Moments before pandemonium broke out on the House floor on Tuesday evening, House Majority Whip Tom Emmer approached Rep. Ken Buck (R-Colo.), who had assumed a leisurely slouch in a rickety wooden chair in the back of the House chamber, for what appeared to be a quick chat.
Unbeknownst to reporters whose eyes were trained on Emmer — the member of House leadership responsible for counting votes — he informed Buck that the vote to impeach Homeland Security Secretary Alejandro Mayorkas was going to result in a tie.
Buck, one of the three House Republicans who voted to sink the articles of impeachment, said Wednesday that he hadn’t heard from anyone in leadership before that moment — despite publicly declaring his opposition to the measure well ahead of the vote. (A senior leadership aide familiar with his outreach efforts, who like others in this story spoke on the condition of anonymity to speak candidly, said House Speaker Mike Johnson of Louisiana spent ample time working with others who had been on the fence.)
“Speaker Johnson never called me,” Buck said. “[Former speaker Kevin McCarthy] would have yelled — Mike knows me well enough not to yell. And [former speaker John A.] Boehner would have broken my arm. It’s gotten easier as I’ve been here.”
The surprise defeat stunned many in the House GOP conference, who were incredulous that Johnson would roll the dice on such a consequential vote. The saga was the latest in a tenure marred by chaos and frustration, with members starting to lose patience with an inexperienced leader who they feel has made serious tactical missteps overseeing an unwieldy conference that even Republicans admit may be impossible to corral.

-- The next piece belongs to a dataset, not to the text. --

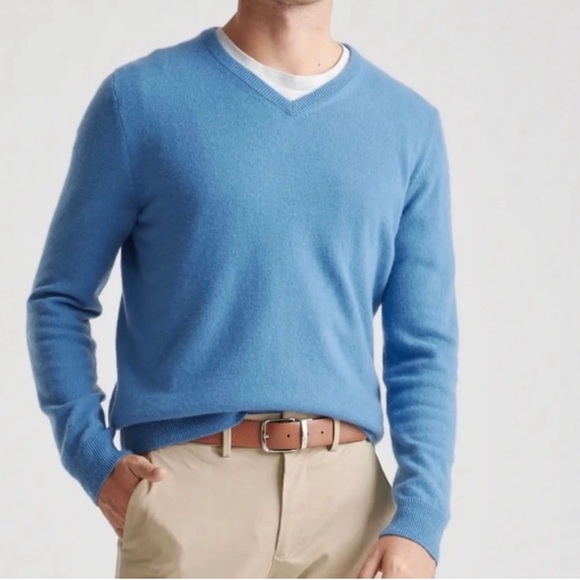 Allen Solly - 100% Cashmere Sweater - Excellent Condition - V-neck -Soft Blue XL - Picture 3 of 12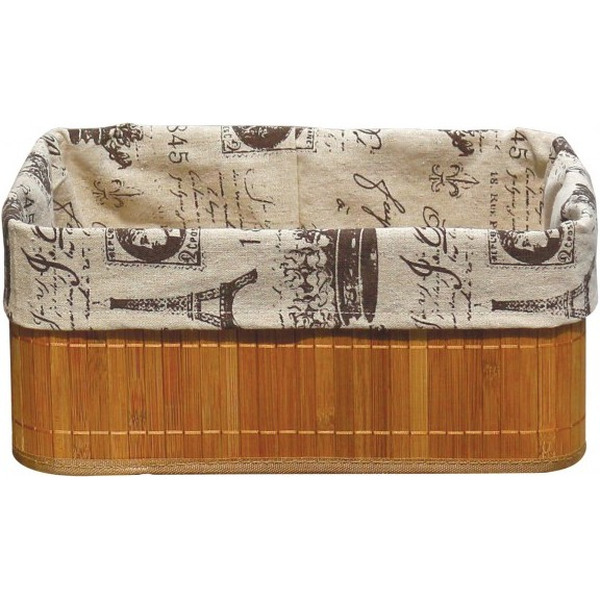 Бамбуковая корзинка с покрытием из натурального льна Рыжий кот BLB-09-1, арт.M312136, 38х28х16см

The dysfunction in the House Republican conference was rivaled only by that of its counterpart in the Senate. Republicans this week killed a border security bill that a small bipartisan group of senators spent months negotiating after House Republicans telegraphed that their conference — and by extension, the far-right base led by former president Donald Trump — would not support the bill.
The GOP leaders’ shaky hold over their conferences has led Democrats to fret about whether the House can again avert a government shutdown ahead of a March 1 deadline — as well as whether Congress may abandon key U.S. allies during wartime.
The chaos that has plagued congressional Republicans has intensified as Trump has tightened his grip on the party in his bid to lock up the GOP presidential nomination. Johnson and Senate Minority Leader Mitch McConnell (R-Ky.) have applied dramatically different approaches to Trump, with Johnson keeping in lockstep with the former president while McConnell has frostily kept his distance. But Trump’s influence has minimized their credibility with and sway over their colleagues. It has also caused some members to fear that the emerging leadership vacuum and their inability to govern could cost them politically.
“That was a really massive failure,” one House GOP lawmaker said Wednesday of Johnson’s decision to bring the Mayorkas vote to the floor, followed by a failed vote to pass $17.6 billion in aid to Israel. “You combine that with what is going on right now with the whole Senate immigration debacle. … The way that these things have been handled — this is an opportunity for the White House to … dump this on our lap and that could be a huge political mistake.”
A similar sentiment was echoed later in the day in the Senate after a contentious closed-door GOP luncheon, where Republicans bemoaned the political disarray that has consumed them.
“It’s been a total disaster,” Sen. Josh Hawley (R-Mo.) declared to reporters about how GOP leaders handled the border bill. “Why would voters look at what goes on over here, this circus, and say we want more of this? … I don’t think the last three months could have been handled any worse than it has been handled from a leadership perspective.”
Senate Republicans, who tend to view themselves as the more deliberative and efficient legislative body, have over the past few months come to resemble their rowdier House counterparts: unable to follow through on major promises and increasingly beholden to the far-right flank of the party. As Trump and conservative commentators panned the border deal that would have marked the first significant action taken by Congress on immigration in decades, Senate Republicans soon pulled the rug out from under a colleague, Sen. James Lankford (Okla.), the lead GOP negotiator.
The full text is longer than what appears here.